Whereas since Sutton Foster bowed in Thoroughly Modern Millie, she's done four more musicals -- Little Women, The Drowsy Chaperone, Young Frankenstein and Shrek The Musical -- with hardly a day off. And yet, for all the show-biz sophistication such a resume implies, Foster retains much of her apparently small-town Georgia upbringing, as is in evidence throughout her "An Evening With Sutton Foster" cabaret gig at Café Carlyle.

You can still imagine her -- with "big teeth," as she describes herself -- wandering by a rural stream, realizing she's got a voice and letting loose with it. Or is her ease and expertise a bit more crafty -- and craft-based? You could say her performing is the stage equivalent of make-up applied so skillfully by a master cosmetician that it appears to be nothing more than the often aimed-for all-natural look.

Foster plays the new-to-the-Big-City card in her opening number, "I'm Beginning to See the Light," and then trumps that ace with a follow-up medley of "Not for the Life of Me" by her Millie tunesmiths, Annie's "NYC" with its wide-eyed words, and "Astonishing" from Little Women. After segueing to the metropolis-mystical "Up on the Roof," she moves on from the dewy-eyed innocent but not so far that she doesn't return frequently during an act where she's the local-girl-makes good more often than not.

Wearing a revealing-non-revealing brown frock less demure than the sun-dress she wore during her brief stay last year at Feinstein's at Loews Regency, she does change into something blue -- this review won't reveal how -- when revisiting her "Drowsy Chaperone" show-stopper, "Show Off." That signals her foray into the more with-it woman she can be -- although she more than hinted at that earlier in Christine Lavin's "Air Conditioner," a liberated woman's insistence that no man is worth her time unless he has the right cooling appliance.

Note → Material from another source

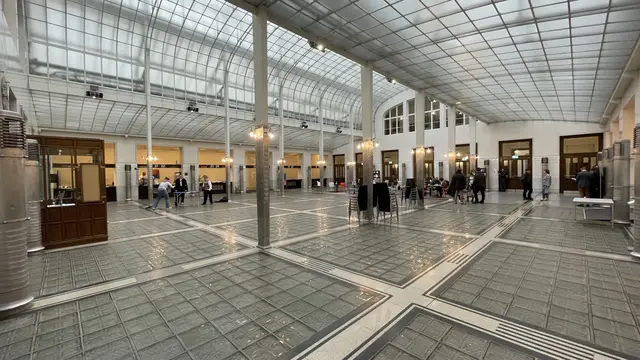 Besonders bekannt ist wohl die große Kassenhalle im Eingangsbereich – das Gebäude der Postsparkasse kann man nun erwerben.  | Foto: Andreas Pölzl/RMW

Singing "Down With Love," Forster even gets into growling repeatedly in her lowest register on the word "down."

A prominent element of the natural look and sound she boasts -- without ever boasting -- is her pure, occasionally slightly nasal voice. Always on pitch and often featuring a resonant vibrato when stretching a final note, she indulges her belt on a segment involving what she calls "The Big Book of High Belt Songs." It's a risky sequence for which she minimizes the risk. Saying she'll let an audience member pick a song from a list of five written on slips of paper she puts in a cup featuring the word "Ho" (and the mate to a cup labeled "Pimp"), she was saddled with Wicked first-act closer "Defying Gravity," the earth-bound Stephen Schwartz anthem. Her rendition (obviously rehearsed, just in case) is fine, but this reviewer could have happily done without it.

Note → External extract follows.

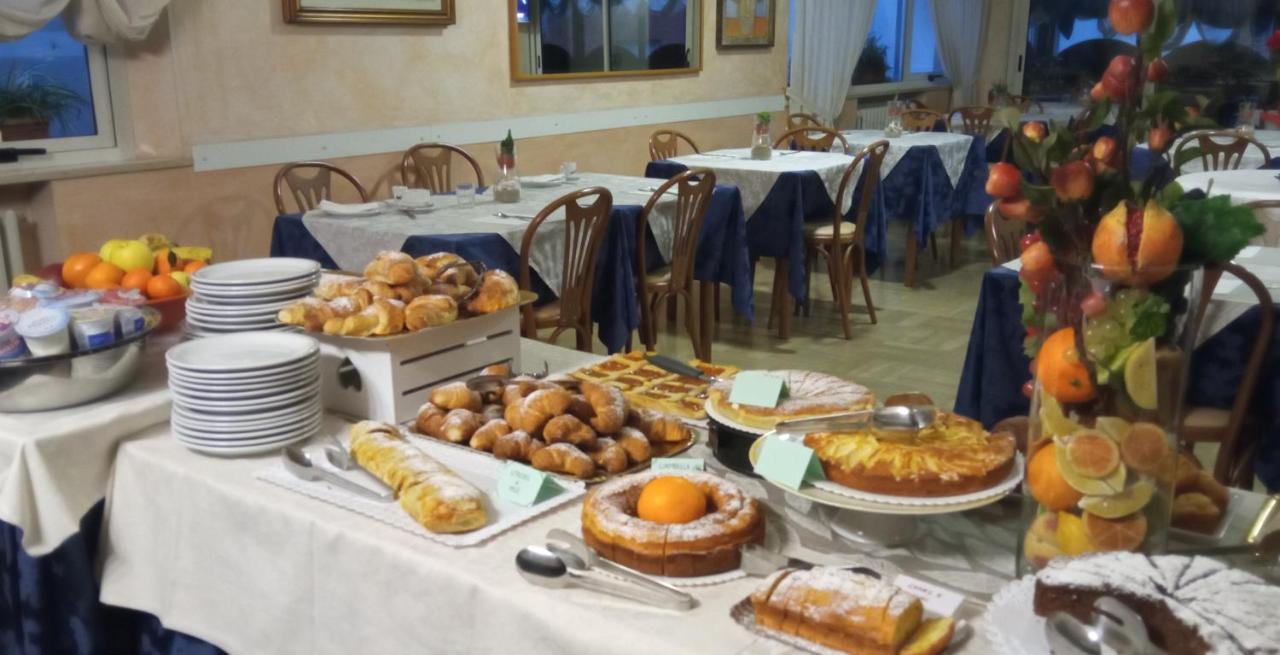 Hotel Verudella Rimini Buitenkant foto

Having been careful to include something from each of her stage assignments (she was in the last revival of Annie and thus "NYC"), she also inserts unfamiliar material. One is a song cut from Shrek called "More to the Story"; another is Jeff Blumenthal's poignant "My Heart Was Set on You," about an innocent being burned at love. The song requires the kind of subtle acting that Foster is adept at making seem like no acting whatsoever, just genuine disillusionment.

She's canny all right, without seeming as if that's what she's trying to be as she chats with the audience, telling, for instance, an amusing back-stage tale about Thoroughly Modern Millie preparations. She appreciates musical director Michael Rafter at the piano overseeing his innocent-sophisticated arrangements, and she praises guitarist Kevin Kuhn, who sometimes switches to ukulele or banjo.

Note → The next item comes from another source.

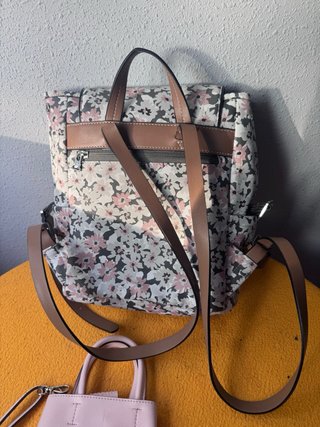 Lote 2 bolsos: uno floral y uno rosa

By the way, the tall, long-haired Foster doesn't scant some of the great tunesmiths, which means that Stephen Sondheim's oh-so-painfully innocent Anyone Can Whistle (which she delivered only a few months back in the Encores! series concert reading of that ill-fated tuner) is coupled with the master's "Being Alive." She also dusts off Noel Coward's "Come the Wild, Wild Weather," and, as beg-off encore, does a sans-mic version of the John Lennon and Paul McCartney's "Here, There and Everywhere." Before she's finished, as directed unobtrusively by Mark Waldrop, she's made the journey seem entirely effortless and delectably satisfying.